Captioned web image data:

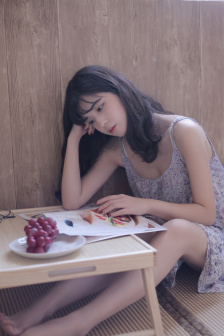 年轻的女老师电影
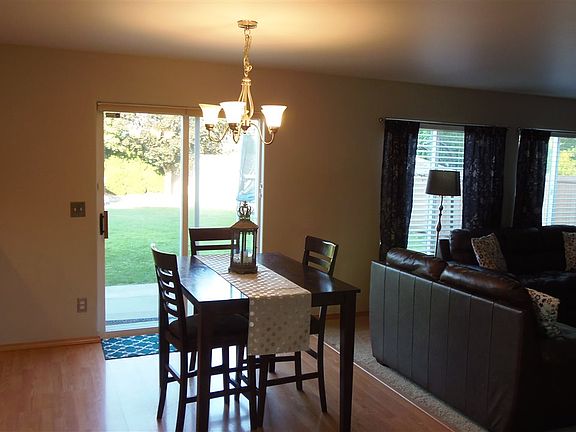 5th image of 1822 N McMillan Ln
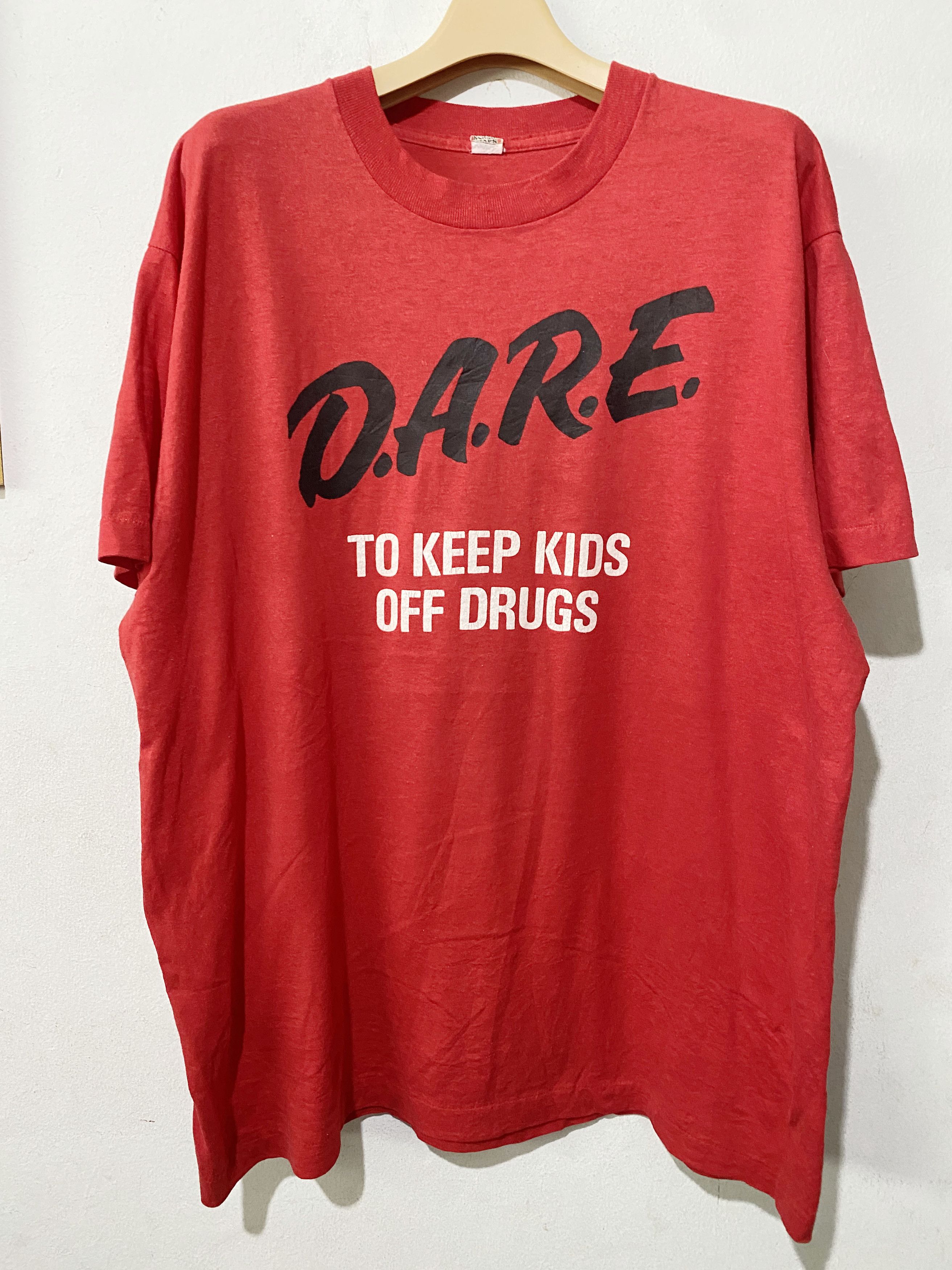 D.A.R.E × Vintage Vintage 80s DARE To Keep Kids Off Drugs Red Tee Size US XL / EU 56 / 4 - 1 Thumbnail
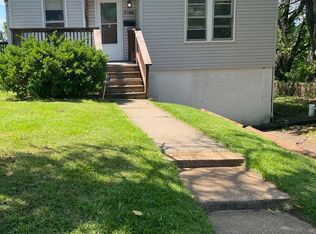 8825 Tyrell Dr, Saint Louis, MO 63136
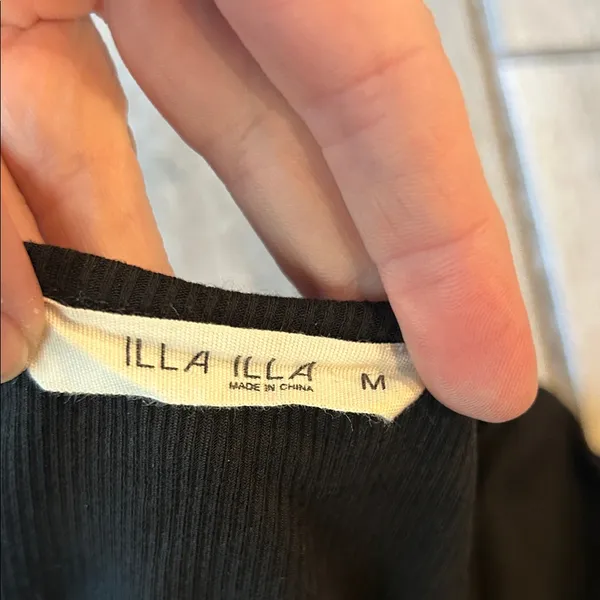 ILLA ILLA Black Gathered Long Sleeve Top - Image 2
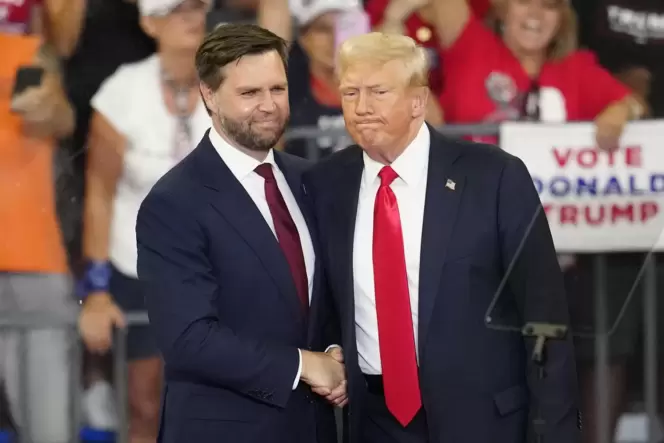 Als Sonderlinge abgestempelt: Trump und J.D. Vance.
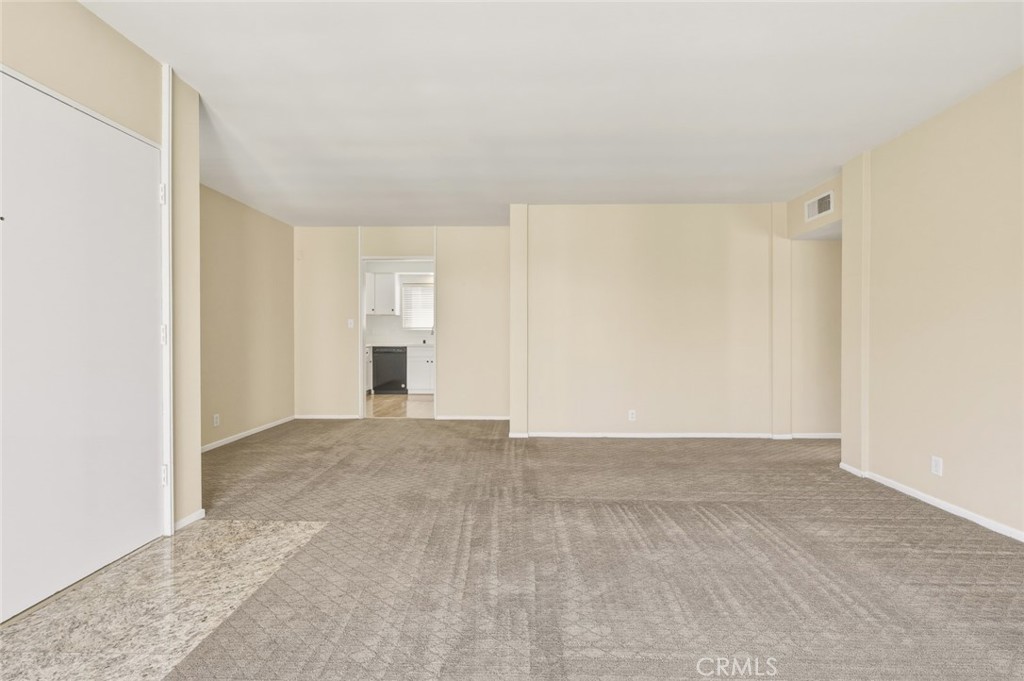 837 Magnolia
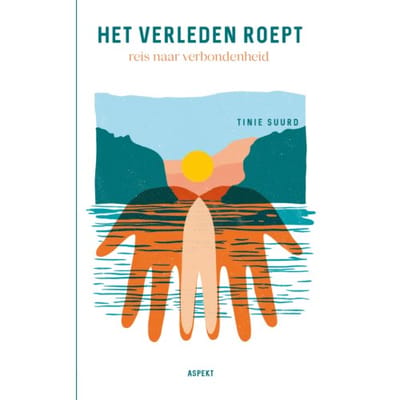 Het Verleden Roept - Tinie Suurd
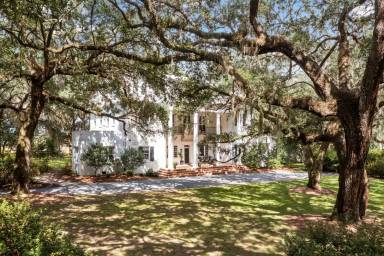 Main picture of 4136 Ashley River Rd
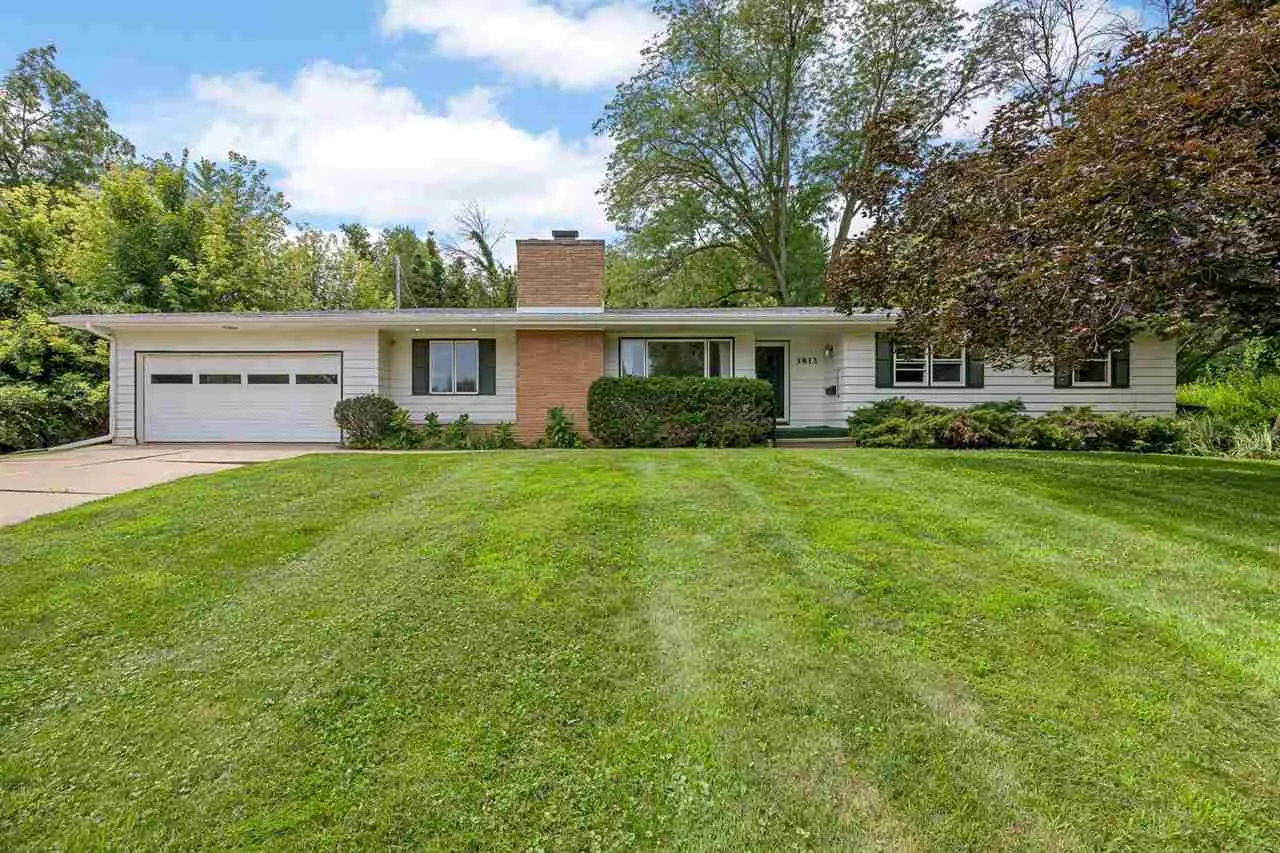 3813 Tomahawk Trail SE, Cedar Rapids, Iowa 52403 – Property Featured Image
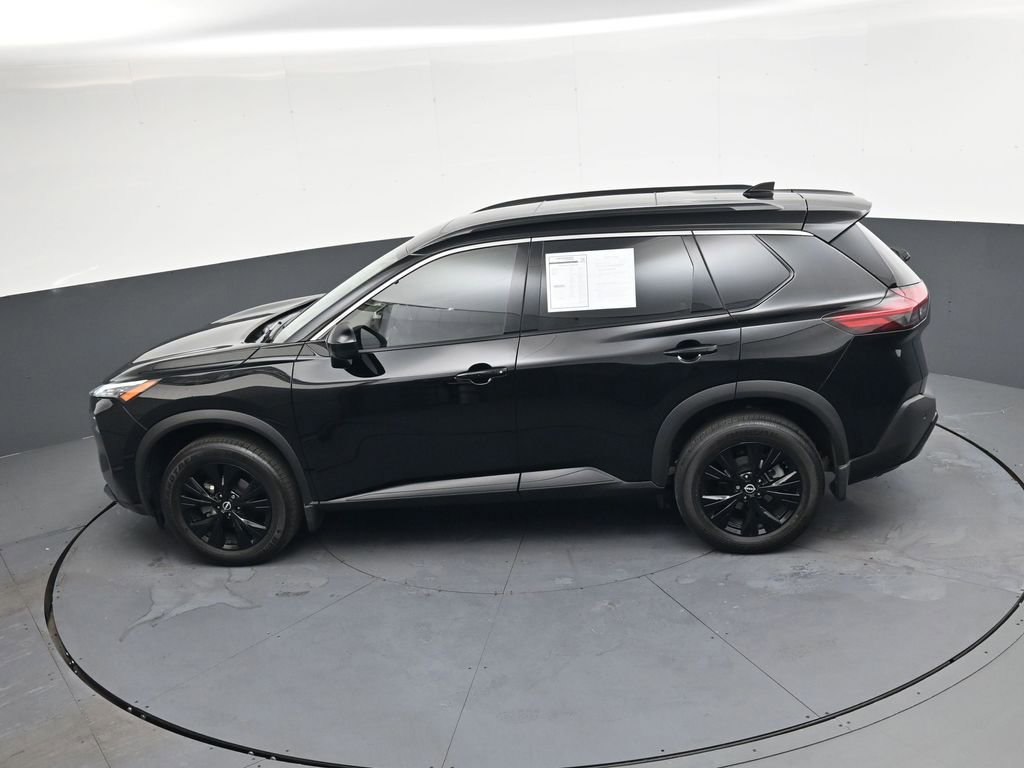 Used 2023 Nissan Rogue SV w/ SV Premium B Package image 31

PROBLEM STATEMENT |
This task calls for the lines from the line holding "8825 Tyrell Dr, Saint Louis, MO 63136" through the last line above, restated word for word with both ends included and the pictures dropped.

EXERCISE RESULT |
 8825 Tyrell Dr, Saint Louis, MO 63136
 ILLA ILLA Black Gathered Long Sleeve Top - Image 2
 Als Sonderlinge abgestempelt: Trump und J.D. Vance.
 837 Magnolia
 Het Verleden Roept - Tinie Suurd
 Main picture of 4136 Ashley River Rd
 3813 Tomahawk Trail SE, Cedar Rapids, Iowa 52403 – Property Featured Image
 Used 2023 Nissan Rogue SV w/ SV Premium B Package image 31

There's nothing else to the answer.